I find your whole result set confusing and inaccurate and I can see employees sayng, "no I earned 2 hours on Jan 25th not 1." It is not true that they earned 1 hour on that date that was only partially offset, and you will have no end of problems if you choose to display this way. I'd look at a different way to present the information. Typically you either present a list of all leave actions (earned, expired and used) with a total at the bottom or you present a summary of available for use and used.
In over 30 years in the workforce and having been under many differnt timekeeping systems (as well as having studied even more when I was a managment analyst), I have never seen anyone want to display timekeeping information this way. I'm thinking there is a reason. If this is a requirement, I'd suggest pushing back on it and explaining how it will be confusing to read the data this was as well as being difficult to get a well-performing solution. I would not accept this as a requirement without trying to convince the client that it is a poor idea.
As time passes and records are added, performance will get worse and worse unless you do something about it, such as:
Purge old rows once they're "cancelled out" (e.g. vacation earned has had equivalent vacation used rows added and accounted for; vacation used has been used set "expire" vacation earned as "expended")
Add a column that flags if a a row has been "cancelled out", and incorporate this column into your indexes
Tracking how the data changes in this fashion seems an argument to modify your table sturctures (have several, not just one), but that's outside the scope of your current problem.
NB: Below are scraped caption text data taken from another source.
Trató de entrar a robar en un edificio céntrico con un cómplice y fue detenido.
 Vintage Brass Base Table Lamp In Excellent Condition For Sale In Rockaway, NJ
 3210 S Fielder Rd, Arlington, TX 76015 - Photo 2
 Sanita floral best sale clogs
As for the query itself, I'd build two aggregates, do some subtraction, make that a subquery, then join it on some clever use of one of the ranking functions. Smells like a correlated subquery in there somewhere, too. I may try and hash this out later (I'm short on time), but I bet someone beats me to it.
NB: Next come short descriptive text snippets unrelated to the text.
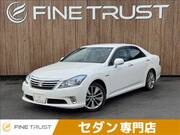 2010 TOYOTA CROWN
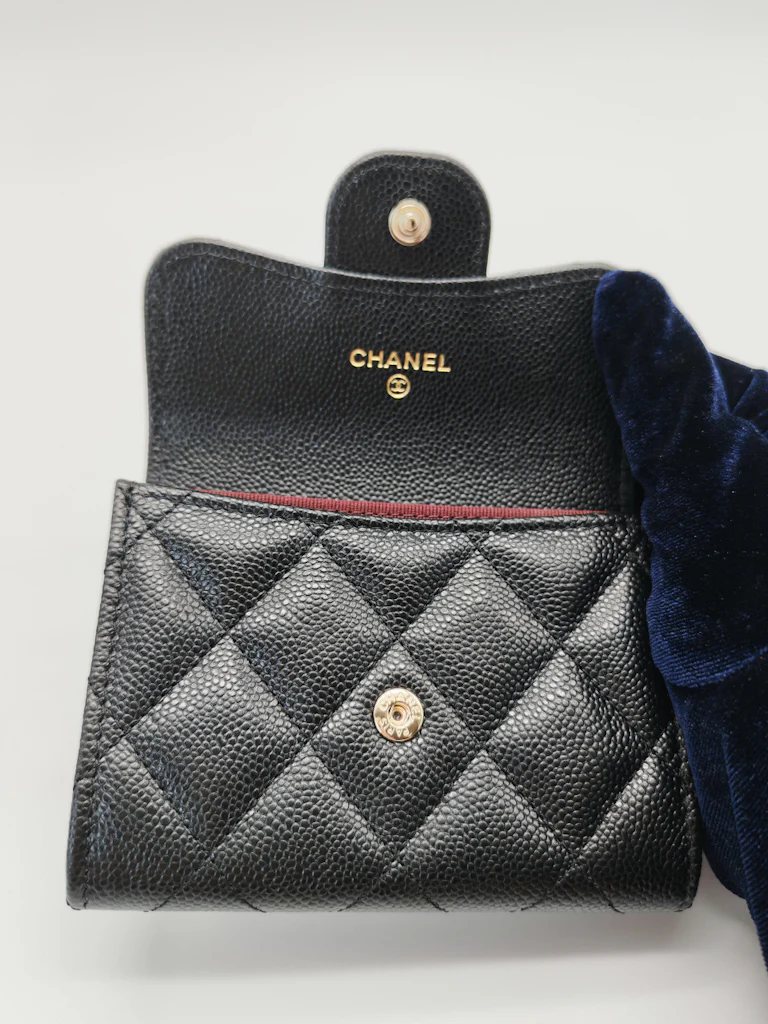 Chanel Classic Flap Card Holder Double Compartment in Black Quilted Caviar Leather and Silver Hardware (Microchip) - Image 13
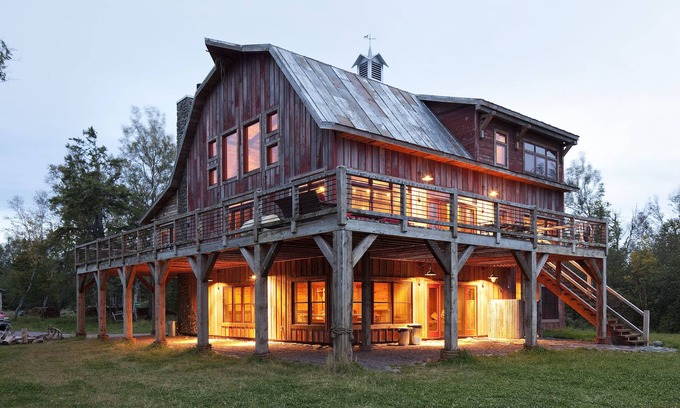 Maple Cabin | Lake Superior Barn now has Star Link Wi-Fi!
I'd suggest modifying the table to keep track of Balance in its own column. That way, you only need to grab the most recent record to know where the employee stands.
That way, you can satisfy the simple case ("How much vacation time do I have"), while still being able to do the awkward rollup you're looking for in your "Which bits of vacation time don't line up with other bits" report, which I'd hope is something you don't need very often.